Output the lines below exactly, please, from the first line until the line with "Saint Clement frans", counting both.
►
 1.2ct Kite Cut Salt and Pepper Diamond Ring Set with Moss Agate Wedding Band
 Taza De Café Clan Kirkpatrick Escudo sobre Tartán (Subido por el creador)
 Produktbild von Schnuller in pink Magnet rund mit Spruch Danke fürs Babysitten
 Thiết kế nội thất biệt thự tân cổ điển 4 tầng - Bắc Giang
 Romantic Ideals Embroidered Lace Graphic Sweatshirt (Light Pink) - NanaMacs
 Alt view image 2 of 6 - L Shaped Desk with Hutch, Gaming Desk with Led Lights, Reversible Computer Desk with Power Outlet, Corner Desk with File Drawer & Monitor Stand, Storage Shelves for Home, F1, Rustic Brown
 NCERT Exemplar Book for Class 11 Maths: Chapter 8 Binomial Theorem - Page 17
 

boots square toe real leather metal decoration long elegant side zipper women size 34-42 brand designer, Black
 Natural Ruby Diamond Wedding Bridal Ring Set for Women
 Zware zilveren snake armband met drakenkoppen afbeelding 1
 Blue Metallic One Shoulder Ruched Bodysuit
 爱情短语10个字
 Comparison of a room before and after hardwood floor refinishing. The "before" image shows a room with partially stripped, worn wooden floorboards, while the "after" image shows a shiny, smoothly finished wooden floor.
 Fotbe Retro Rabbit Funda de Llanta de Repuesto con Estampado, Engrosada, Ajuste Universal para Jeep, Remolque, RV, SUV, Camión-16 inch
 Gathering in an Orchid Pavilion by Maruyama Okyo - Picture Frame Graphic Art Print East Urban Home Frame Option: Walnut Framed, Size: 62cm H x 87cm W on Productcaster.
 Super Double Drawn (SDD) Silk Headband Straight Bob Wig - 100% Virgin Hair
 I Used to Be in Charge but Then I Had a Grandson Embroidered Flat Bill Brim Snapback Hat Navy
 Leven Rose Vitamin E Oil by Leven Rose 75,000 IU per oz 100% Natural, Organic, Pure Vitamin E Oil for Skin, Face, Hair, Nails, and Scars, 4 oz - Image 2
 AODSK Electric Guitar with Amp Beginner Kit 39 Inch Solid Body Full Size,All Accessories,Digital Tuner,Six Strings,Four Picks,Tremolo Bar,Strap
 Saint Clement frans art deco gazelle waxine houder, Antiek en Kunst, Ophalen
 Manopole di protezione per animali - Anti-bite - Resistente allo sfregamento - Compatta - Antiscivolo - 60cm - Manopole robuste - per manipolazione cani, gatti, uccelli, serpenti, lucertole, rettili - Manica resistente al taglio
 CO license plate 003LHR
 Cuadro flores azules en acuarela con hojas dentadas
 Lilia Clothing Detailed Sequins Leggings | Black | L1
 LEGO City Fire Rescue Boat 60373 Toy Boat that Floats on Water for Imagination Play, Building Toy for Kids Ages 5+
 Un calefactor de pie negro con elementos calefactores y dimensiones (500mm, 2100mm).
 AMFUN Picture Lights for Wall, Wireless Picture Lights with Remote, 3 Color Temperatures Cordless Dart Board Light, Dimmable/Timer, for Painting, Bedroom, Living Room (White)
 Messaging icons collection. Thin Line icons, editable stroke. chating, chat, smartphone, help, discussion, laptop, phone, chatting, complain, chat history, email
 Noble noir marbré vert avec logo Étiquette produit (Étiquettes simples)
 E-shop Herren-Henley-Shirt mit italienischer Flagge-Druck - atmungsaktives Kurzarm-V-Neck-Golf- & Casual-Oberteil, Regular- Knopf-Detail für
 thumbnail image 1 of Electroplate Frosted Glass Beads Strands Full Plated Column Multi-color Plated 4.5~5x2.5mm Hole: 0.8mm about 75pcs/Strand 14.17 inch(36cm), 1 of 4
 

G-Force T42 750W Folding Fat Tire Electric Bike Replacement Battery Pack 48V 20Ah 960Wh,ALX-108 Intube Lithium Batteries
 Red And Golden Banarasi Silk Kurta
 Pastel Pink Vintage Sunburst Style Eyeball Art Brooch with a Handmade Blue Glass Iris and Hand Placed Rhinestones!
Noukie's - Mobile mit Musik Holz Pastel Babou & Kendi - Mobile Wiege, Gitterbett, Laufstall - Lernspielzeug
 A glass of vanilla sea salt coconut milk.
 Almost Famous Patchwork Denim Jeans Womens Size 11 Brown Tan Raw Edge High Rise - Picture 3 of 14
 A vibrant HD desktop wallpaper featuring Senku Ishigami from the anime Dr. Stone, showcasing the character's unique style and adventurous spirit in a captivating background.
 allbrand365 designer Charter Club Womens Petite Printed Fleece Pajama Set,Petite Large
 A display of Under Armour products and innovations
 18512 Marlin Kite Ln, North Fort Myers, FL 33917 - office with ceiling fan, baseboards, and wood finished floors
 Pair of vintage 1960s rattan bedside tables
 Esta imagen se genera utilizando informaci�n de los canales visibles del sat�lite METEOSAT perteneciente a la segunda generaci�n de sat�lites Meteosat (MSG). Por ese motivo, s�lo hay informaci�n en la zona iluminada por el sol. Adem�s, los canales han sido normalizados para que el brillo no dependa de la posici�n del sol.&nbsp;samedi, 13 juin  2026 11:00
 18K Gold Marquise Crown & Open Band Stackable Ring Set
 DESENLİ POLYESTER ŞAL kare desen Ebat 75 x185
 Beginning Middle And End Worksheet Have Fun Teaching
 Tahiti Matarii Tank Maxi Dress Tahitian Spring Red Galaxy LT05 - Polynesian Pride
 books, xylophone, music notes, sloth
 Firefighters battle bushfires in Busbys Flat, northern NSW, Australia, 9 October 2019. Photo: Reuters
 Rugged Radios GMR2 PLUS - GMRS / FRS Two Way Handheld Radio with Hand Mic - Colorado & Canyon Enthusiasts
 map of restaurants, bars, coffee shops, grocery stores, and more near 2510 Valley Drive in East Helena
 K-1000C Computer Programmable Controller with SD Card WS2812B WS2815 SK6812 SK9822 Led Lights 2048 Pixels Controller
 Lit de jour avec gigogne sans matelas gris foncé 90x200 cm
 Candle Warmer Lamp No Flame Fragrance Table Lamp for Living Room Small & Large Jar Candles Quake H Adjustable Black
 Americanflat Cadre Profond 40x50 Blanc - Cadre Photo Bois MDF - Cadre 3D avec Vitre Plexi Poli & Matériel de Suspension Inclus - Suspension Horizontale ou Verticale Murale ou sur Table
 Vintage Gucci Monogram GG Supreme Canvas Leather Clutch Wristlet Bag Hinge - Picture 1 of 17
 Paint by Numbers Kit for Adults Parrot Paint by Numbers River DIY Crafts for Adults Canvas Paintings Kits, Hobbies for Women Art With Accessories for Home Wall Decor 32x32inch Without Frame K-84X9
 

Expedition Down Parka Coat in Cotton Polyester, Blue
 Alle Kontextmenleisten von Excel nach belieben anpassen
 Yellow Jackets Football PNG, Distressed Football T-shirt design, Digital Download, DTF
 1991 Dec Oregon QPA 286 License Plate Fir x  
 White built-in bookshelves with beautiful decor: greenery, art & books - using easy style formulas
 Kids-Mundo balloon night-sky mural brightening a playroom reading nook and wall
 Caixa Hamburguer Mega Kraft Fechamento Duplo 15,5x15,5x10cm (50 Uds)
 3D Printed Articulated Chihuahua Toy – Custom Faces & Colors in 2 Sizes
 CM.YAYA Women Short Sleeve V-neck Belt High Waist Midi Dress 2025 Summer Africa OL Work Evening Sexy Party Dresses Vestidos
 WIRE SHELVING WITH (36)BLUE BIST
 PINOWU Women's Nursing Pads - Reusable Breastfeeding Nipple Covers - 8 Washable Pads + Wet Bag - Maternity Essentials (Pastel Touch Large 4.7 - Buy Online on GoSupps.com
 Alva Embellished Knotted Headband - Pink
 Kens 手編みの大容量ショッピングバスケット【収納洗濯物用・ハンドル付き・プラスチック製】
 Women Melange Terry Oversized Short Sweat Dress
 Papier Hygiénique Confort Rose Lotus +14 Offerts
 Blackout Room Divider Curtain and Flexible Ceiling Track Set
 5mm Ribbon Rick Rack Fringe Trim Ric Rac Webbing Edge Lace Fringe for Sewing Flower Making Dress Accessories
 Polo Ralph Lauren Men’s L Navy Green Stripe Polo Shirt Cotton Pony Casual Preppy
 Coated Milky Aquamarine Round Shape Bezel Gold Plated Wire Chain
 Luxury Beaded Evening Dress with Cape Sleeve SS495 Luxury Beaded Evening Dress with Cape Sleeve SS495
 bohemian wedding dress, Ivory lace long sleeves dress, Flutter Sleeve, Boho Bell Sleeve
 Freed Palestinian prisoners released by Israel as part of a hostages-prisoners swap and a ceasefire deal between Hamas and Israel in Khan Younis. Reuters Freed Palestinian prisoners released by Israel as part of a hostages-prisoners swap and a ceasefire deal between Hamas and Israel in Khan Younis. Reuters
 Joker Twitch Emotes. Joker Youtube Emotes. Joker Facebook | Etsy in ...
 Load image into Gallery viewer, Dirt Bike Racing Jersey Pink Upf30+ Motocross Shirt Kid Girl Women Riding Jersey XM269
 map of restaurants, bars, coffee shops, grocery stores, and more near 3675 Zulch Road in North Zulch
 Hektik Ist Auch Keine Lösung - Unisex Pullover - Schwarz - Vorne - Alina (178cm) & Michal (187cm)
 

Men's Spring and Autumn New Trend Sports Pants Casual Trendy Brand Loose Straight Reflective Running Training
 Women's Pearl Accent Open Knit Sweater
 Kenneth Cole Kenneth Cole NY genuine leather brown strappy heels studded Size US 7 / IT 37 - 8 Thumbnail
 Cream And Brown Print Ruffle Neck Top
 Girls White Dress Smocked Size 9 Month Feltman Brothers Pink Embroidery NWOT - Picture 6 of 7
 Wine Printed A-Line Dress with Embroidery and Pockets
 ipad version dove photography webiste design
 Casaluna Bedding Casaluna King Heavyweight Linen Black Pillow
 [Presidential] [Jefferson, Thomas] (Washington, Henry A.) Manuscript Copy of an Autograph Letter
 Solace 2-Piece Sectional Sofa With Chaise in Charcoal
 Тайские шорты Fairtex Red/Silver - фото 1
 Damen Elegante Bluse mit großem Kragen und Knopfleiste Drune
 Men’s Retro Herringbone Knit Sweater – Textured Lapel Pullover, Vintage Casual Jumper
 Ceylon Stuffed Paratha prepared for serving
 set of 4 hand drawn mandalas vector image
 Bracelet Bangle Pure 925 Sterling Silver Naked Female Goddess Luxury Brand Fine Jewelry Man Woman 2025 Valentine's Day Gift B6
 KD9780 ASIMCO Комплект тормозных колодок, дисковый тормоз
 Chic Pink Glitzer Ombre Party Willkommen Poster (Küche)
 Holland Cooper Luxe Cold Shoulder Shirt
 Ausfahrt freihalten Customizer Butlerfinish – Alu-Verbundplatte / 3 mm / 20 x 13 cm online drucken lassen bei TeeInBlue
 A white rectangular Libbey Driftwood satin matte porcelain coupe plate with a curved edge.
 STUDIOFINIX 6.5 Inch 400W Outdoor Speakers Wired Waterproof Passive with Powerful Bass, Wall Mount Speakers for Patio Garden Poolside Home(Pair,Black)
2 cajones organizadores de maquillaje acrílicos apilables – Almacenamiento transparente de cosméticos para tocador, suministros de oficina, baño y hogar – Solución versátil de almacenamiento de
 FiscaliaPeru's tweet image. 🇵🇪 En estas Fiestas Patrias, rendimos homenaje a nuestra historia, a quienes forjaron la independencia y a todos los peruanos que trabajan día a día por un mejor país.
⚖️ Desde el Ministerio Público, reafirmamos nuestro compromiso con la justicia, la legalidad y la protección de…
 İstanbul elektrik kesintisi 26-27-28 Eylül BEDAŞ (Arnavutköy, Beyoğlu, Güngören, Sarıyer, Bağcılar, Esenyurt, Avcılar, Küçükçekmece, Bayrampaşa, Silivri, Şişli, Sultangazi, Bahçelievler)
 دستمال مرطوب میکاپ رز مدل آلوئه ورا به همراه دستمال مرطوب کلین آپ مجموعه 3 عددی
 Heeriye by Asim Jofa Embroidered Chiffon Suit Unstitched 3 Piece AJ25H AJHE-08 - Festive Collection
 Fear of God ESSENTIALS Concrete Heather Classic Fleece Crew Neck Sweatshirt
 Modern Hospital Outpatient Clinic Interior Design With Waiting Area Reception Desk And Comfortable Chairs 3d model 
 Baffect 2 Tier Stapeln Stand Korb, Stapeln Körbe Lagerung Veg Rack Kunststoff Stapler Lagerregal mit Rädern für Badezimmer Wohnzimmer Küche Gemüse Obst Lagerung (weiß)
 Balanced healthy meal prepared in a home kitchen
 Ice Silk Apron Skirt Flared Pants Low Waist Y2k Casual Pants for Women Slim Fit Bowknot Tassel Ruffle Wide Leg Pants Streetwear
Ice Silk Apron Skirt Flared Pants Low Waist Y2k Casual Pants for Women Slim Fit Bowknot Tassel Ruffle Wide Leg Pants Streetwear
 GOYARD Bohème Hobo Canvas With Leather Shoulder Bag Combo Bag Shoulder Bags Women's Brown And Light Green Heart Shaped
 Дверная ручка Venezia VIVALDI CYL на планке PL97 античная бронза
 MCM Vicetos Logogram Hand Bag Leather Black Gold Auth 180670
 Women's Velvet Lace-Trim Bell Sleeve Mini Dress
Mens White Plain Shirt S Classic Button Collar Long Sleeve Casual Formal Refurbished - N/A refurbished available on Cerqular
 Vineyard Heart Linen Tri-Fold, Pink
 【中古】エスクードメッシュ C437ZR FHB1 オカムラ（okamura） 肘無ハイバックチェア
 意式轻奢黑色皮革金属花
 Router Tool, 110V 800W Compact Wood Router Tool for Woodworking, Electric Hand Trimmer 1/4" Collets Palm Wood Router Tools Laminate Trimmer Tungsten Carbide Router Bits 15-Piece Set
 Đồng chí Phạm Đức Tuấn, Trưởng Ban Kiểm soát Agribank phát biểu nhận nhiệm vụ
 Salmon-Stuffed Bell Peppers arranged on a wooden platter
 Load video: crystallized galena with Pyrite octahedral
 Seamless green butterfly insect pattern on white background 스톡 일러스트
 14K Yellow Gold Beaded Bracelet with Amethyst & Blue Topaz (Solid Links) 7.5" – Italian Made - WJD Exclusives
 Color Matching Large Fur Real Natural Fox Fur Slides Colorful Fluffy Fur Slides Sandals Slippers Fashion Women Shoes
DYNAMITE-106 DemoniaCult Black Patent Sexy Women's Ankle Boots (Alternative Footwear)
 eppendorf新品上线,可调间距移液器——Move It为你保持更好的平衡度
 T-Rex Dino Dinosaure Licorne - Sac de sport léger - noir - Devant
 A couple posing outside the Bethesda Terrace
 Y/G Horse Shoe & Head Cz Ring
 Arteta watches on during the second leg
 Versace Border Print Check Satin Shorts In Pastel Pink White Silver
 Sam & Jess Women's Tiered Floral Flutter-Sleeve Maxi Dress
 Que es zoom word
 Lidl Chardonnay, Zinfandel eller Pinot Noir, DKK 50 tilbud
◄
SOLUTION FOR THIS TASK:
 1.2ct Kite Cut Salt and Pepper Diamond Ring Set with Moss Agate Wedding Band
 Taza De Café Clan Kirkpatrick Escudo sobre Tartán (Subido por el creador)
 Produktbild von Schnuller in pink Magnet rund mit Spruch Danke fürs Babysitten
 Thiết kế nội thất biệt thự tân cổ điển 4 tầng - Bắc Giang
 Romantic Ideals Embroidered Lace Graphic Sweatshirt (Light Pink) - NanaMacs
 Alt view image 2 of 6 - L Shaped Desk with Hutch, Gaming Desk with Led Lights, Reversible Computer Desk with Power Outlet, Corner Desk with File Drawer & Monitor Stand, Storage Shelves for Home, F1, Rustic Brown
 NCERT Exemplar Book for Class 11 Maths: Chapter 8 Binomial Theorem - Page 17
 

boots square toe real leather metal decoration long elegant side zipper women size 34-42 brand designer, Black
 Natural Ruby Diamond Wedding Bridal Ring Set for Women
 Zware zilveren snake armband met drakenkoppen afbeelding 1
 Blue Metallic One Shoulder Ruched Bodysuit
 爱情短语10个字
 Comparison of a room before and after hardwood floor refinishing. The "before" image shows a room with partially stripped, worn wooden floorboards, while the "after" image shows a shiny, smoothly finished wooden floor.
 Fotbe Retro Rabbit Funda de Llanta de Repuesto con Estampado, Engrosada, Ajuste Universal para Jeep, Remolque, RV, SUV, Camión-16 inch
 Gathering in an Orchid Pavilion by Maruyama Okyo - Picture Frame Graphic Art Print East Urban Home Frame Option: Walnut Framed, Size: 62cm H x 87cm W on Productcaster.
 Super Double Drawn (SDD) Silk Headband Straight Bob Wig - 100% Virgin Hair
 I Used to Be in Charge but Then I Had a Grandson Embroidered Flat Bill Brim Snapback Hat Navy
 Leven Rose Vitamin E Oil by Leven Rose 75,000 IU per oz 100% Natural, Organic, Pure Vitamin E Oil for Skin, Face, Hair, Nails, and Scars, 4 oz - Image 2
 AODSK Electric Guitar with Amp Beginner Kit 39 Inch Solid Body Full Size,All Accessories,Digital Tuner,Six Strings,Four Picks,Tremolo Bar,Strap
 Saint Clement frans art deco gazelle waxine houder, Antiek en Kunst, Ophalen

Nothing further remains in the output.